▸ **AIM OF THE EXERCISE**
Working from the top of the records below, reproduce each line exactly, ending once you have written the line containing "HALEY Aspirator tip".

▸ **GIVEN DATA**
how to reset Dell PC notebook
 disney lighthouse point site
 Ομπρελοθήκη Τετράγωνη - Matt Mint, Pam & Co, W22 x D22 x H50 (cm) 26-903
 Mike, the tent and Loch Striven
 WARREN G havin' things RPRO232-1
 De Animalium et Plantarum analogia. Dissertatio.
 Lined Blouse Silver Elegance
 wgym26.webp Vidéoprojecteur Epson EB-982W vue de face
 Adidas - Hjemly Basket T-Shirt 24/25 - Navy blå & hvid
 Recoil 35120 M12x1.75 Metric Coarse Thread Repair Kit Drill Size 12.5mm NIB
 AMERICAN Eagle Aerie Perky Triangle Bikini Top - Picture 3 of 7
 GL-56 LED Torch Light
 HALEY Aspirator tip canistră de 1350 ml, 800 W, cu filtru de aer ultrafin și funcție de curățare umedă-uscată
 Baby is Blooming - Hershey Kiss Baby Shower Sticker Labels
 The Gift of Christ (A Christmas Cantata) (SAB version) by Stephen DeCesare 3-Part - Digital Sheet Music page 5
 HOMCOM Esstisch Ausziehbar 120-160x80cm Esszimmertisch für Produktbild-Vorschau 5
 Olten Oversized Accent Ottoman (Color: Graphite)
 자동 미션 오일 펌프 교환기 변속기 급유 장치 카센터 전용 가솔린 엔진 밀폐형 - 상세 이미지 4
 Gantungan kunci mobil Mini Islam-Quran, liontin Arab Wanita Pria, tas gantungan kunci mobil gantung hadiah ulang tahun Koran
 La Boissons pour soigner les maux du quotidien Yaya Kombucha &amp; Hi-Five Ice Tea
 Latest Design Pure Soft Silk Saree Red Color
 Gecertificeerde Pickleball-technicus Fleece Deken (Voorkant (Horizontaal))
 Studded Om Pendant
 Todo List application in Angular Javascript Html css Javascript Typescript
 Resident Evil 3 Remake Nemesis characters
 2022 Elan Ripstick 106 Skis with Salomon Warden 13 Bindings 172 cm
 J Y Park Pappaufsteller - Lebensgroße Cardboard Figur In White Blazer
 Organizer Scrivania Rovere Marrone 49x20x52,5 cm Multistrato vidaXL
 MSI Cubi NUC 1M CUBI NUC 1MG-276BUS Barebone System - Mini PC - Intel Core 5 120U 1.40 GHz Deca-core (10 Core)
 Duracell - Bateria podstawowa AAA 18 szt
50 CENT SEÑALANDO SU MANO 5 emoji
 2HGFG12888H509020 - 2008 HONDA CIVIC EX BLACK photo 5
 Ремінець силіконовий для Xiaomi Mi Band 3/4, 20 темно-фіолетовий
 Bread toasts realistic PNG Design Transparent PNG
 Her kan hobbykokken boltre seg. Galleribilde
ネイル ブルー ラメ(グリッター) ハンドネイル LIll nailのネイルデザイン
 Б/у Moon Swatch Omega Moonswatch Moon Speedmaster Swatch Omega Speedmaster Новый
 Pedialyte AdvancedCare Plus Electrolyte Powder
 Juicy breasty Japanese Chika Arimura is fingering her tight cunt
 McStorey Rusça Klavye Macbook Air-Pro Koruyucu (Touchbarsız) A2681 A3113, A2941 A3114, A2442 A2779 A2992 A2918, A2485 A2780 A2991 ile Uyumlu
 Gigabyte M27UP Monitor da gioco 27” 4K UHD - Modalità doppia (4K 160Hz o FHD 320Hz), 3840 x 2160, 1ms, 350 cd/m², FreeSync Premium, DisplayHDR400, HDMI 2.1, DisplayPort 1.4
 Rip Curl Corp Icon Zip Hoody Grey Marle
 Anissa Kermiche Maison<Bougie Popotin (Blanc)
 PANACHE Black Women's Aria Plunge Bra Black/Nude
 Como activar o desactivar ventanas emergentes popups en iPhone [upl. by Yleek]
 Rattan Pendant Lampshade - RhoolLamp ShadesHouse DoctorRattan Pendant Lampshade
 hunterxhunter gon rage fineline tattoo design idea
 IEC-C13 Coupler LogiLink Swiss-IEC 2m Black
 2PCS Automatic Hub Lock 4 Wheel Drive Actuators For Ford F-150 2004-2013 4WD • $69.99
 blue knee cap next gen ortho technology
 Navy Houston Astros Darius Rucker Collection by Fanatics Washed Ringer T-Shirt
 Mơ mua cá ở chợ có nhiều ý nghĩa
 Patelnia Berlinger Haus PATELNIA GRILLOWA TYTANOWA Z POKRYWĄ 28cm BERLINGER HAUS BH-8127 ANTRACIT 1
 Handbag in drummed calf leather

▸ **RESULT OF THIS EXERCISE**
how to reset Dell PC notebook
 disney lighthouse point site
 Ομπρελοθήκη Τετράγωνη - Matt Mint, Pam & Co, W22 x D22 x H50 (cm) 26-903
 Mike, the tent and Loch Striven
 WARREN G havin' things RPRO232-1
 De Animalium et Plantarum analogia. Dissertatio.
 Lined Blouse Silver Elegance
 wgym26.webp Vidéoprojecteur Epson EB-982W vue de face
 Adidas - Hjemly Basket T-Shirt 24/25 - Navy blå & hvid
 Recoil 35120 M12x1.75 Metric Coarse Thread Repair Kit Drill Size 12.5mm NIB
 AMERICAN Eagle Aerie Perky Triangle Bikini Top - Picture 3 of 7
 GL-56 LED Torch Light
 HALEY Aspirator tip canistră de 1350 ml, 800 W, cu filtru de aer ultrafin și funcție de curățare umedă-uscată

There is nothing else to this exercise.